WhatsApp, Facebook Monetise Users’ Data, Can’t Claim Privacy Protection on Their Behalf, Says Government
The Centre has defended in the Delhi High Court the legal validity of its new IT rule requiring messaging apps, such as WhatsApp, to “trace” the first originator of the information, saying that the law empowers it to expect such entities to create safe cyberspace and counter illegal content either themselves or by assisting the law enforcement agencies.
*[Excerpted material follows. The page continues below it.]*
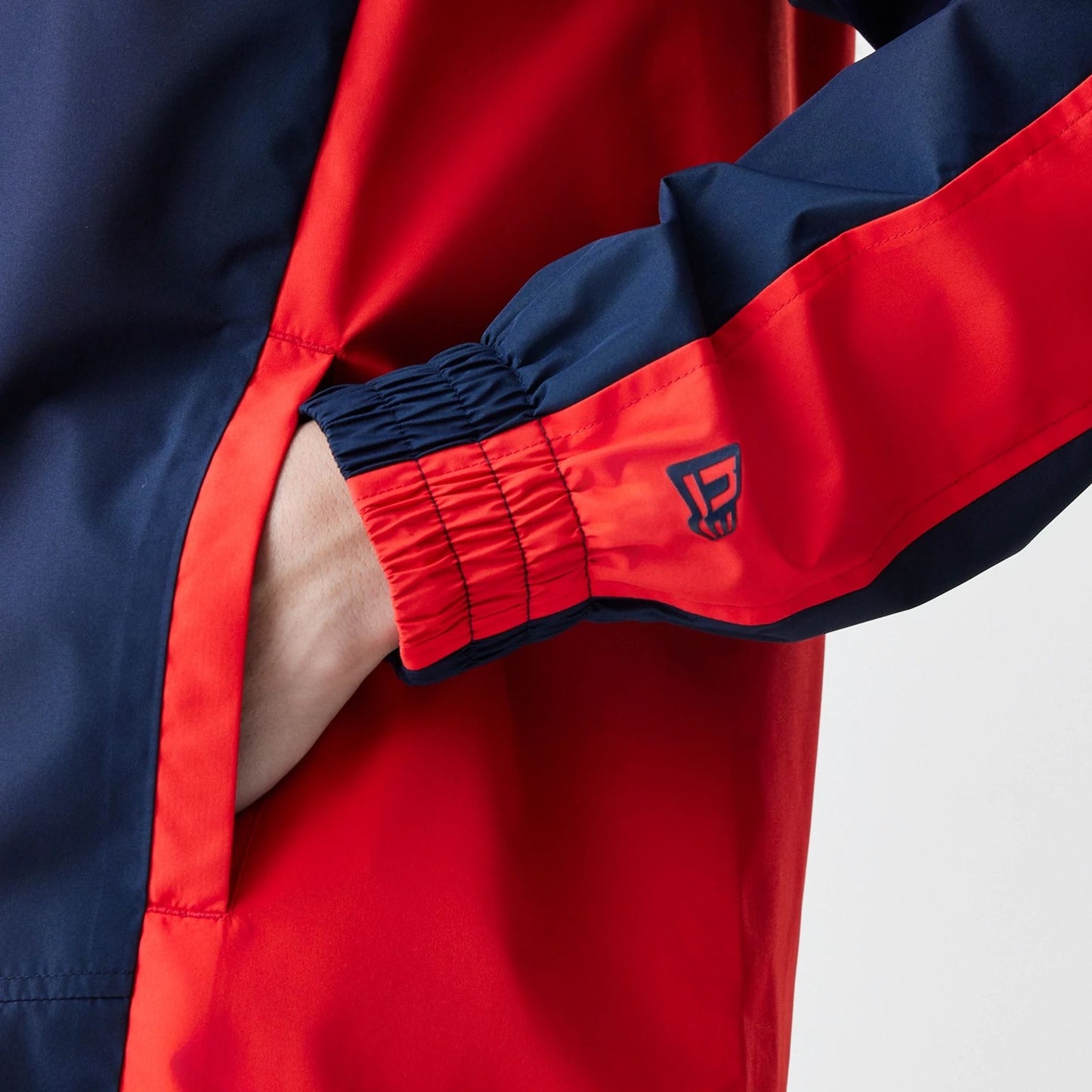 The Male model is wearing Red Bull Racing Dark Blue Windrunner Jacket 4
The Centre said that Section 87 of the Information Technology Act gave it the power to formulate Rule 4(2) of the Intermediary Rules – which mandates a significant social media intermediary to enable the identification of the first originator of information in “legitimate state interest” of curbing the menace of fake news and offences concerning national security and public order as well as women and children.
In its affidavit filed in response to WhatsApp’s challenge to the rule on the ground that breaking the encryption invades its users’ privacy, the Centre has claimed that platforms “monetise users’ information for business/ commercial purposes are not legally entitled to claim that it protects privacy”.
“Petitioners (WhatsApp and Facebook), being multi-billion dollar enterprises, almost singularly on the basis of mining, owning and storing the private data of natural persons across the world and thereafter monetising the same, cannot claim any representative privacy right on behalf of the natural persons using the platform,” said the affidavit filed by Ministry of Electronics and Information Technology.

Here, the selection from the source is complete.